*** Block opens ***

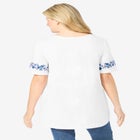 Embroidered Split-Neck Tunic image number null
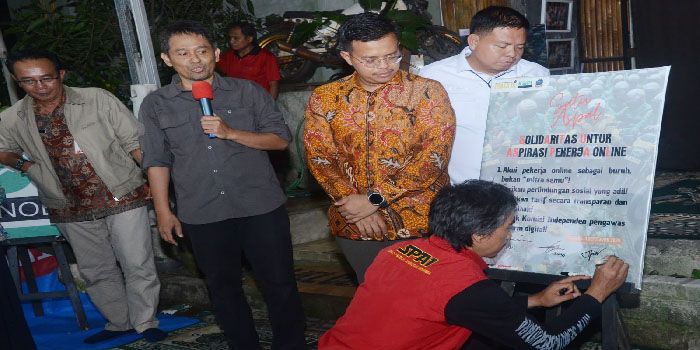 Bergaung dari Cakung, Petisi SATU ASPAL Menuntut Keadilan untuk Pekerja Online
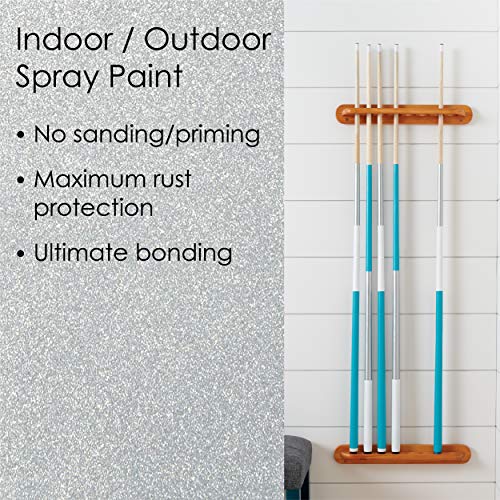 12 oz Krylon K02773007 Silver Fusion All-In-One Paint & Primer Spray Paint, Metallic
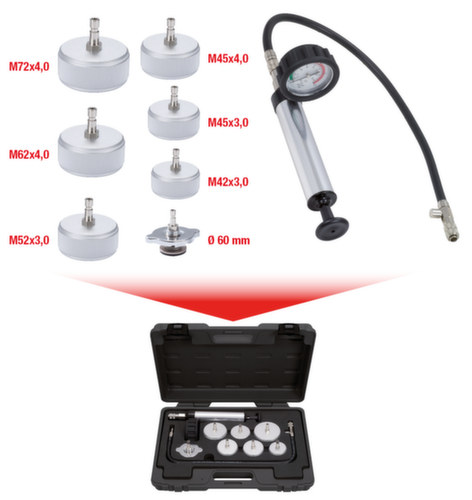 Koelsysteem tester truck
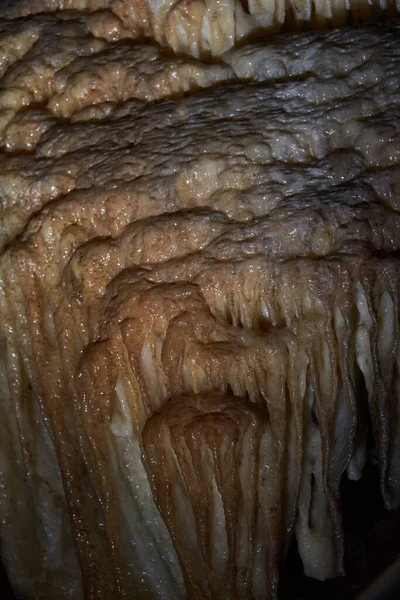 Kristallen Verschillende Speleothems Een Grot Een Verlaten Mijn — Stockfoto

*** Block closes ***
*** Block opens ***

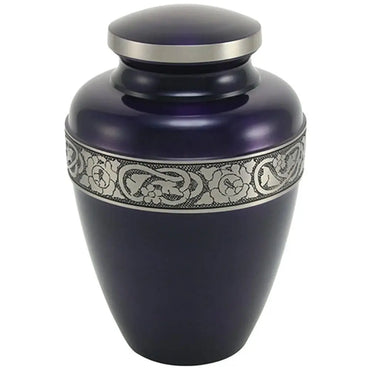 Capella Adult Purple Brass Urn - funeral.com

*** Block closes ***

TASK DETAILS:
Please print the lines above word for word, starting at the one with "Embroidered Split-Neck Tunic" and ending at the one with "Kristallen Verschillende Speleothems", both included, and without any picture.

ANSWER SECTION:
 Embroidered Split-Neck Tunic image number null
 Bergaung dari Cakung, Petisi SATU ASPAL Menuntut Keadilan untuk Pekerja Online
 12 oz Krylon K02773007 Silver Fusion All-In-One Paint & Primer Spray Paint, Metallic
 Koelsysteem tester truck
 Kristallen Verschillende Speleothems Een Grot Een Verlaten Mijn — Stockfoto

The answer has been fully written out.